Author: Monica Tusinean, TU Berlin

Supervisor: Ignacio Borrego Gómez-Pallete, Prof. Dr., TU Berlin; Jürgen Weidinger, TU Berlin

Research stage: Intermediate doctoral stage

Category: Paper

DDR Statement

Tackling the research issue - the handling of industrial ruins in a post-communist landscape - through principles anchored in architectural design has proven particularly fruitful. A design-directed approach has enriched the research process by adding another essential layer to the process of generating knowledge: the speculative creative moment, in which intuition and reason interweave, followed by the subsequent interrogation of outcomes through a structured lens.

This practice allowed the uncovering of underlying complex entanglements of issues by means of “tacit knowing” 1, which is intrinsic to architectural design. The basis for this is a “research method collage”1, anchored primarily in the comparative interrogation of the conflicts that arise between design versus built realities as well as conceptual designs versus complete architectural designs, all tied into an overarching written narrative of personal and shared memory and perception of the post-communist cultural landscape.
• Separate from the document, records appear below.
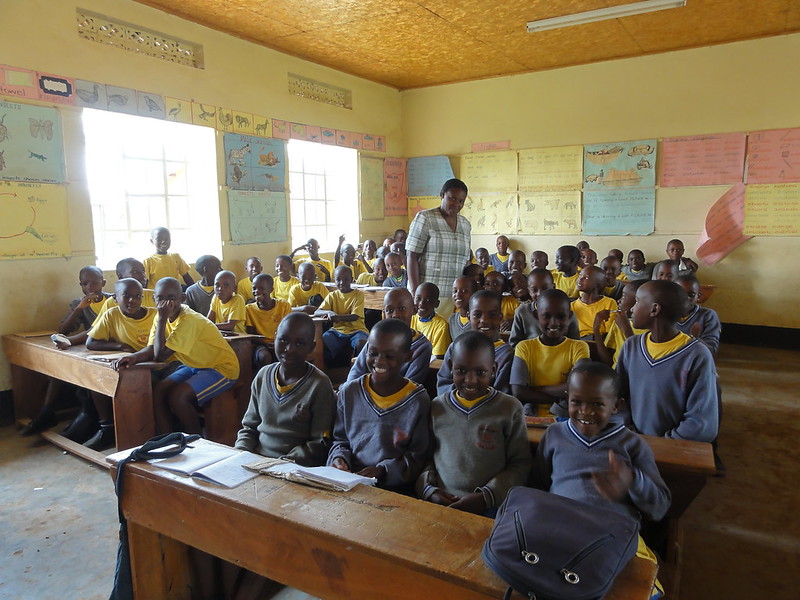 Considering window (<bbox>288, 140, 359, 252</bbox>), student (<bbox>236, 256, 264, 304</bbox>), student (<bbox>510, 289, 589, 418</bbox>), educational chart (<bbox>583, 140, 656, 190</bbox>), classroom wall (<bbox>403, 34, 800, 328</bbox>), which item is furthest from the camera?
window (<bbox>288, 140, 359, 252</bbox>)

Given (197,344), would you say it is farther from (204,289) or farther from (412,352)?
(204,289)

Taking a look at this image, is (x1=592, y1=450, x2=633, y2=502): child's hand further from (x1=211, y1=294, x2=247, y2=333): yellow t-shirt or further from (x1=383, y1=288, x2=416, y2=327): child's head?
(x1=211, y1=294, x2=247, y2=333): yellow t-shirt

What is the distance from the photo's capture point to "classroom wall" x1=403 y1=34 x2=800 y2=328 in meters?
6.00

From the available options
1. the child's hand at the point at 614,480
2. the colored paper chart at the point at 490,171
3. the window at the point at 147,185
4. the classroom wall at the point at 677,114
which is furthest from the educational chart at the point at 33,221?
the classroom wall at the point at 677,114

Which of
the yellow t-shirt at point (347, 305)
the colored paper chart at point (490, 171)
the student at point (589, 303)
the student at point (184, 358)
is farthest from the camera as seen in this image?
the colored paper chart at point (490, 171)

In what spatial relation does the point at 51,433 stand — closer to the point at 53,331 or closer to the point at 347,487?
the point at 53,331

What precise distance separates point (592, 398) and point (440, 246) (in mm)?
2244

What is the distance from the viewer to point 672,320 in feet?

Three self authored design Case Studies evolve and inform each other simultaneously, in an interplay of design timeframes: Case Study 1 representing a type of “paleoteric knowledge” 2, by which a finalized design project (which employed traditional attitudes towards design) can be interrogated retrospectively, versus the “neoteric knowledge” introduced by the other two Case Studies, which are forward-looking 2, and intrinsically playful and speculative.

Case Study 1 is a full design and execution, Case Study 3 is a conceptual design proposal, and Case Study 2 is a range of design experiments and analyses, which don’t tie into a single full architectural design, as one would hand up for a competition, but are more process, rather than final result oriented. The interplay between these three designs has so far yielded some preliminary conclusions and strategies, and is still a work in progress.

Some modes of design action that are recognizable in all three designs include: clarifying structures, clarifying circulation 3, and design by removal and subtraction focussing on the voids and interstitial spaces.

These conclusions arose with increased clarity after a number of other design strategies (for example additive actions with formal architectural intention) had been tested and had proven either too generic, or unfitting within the cultural context the research operates.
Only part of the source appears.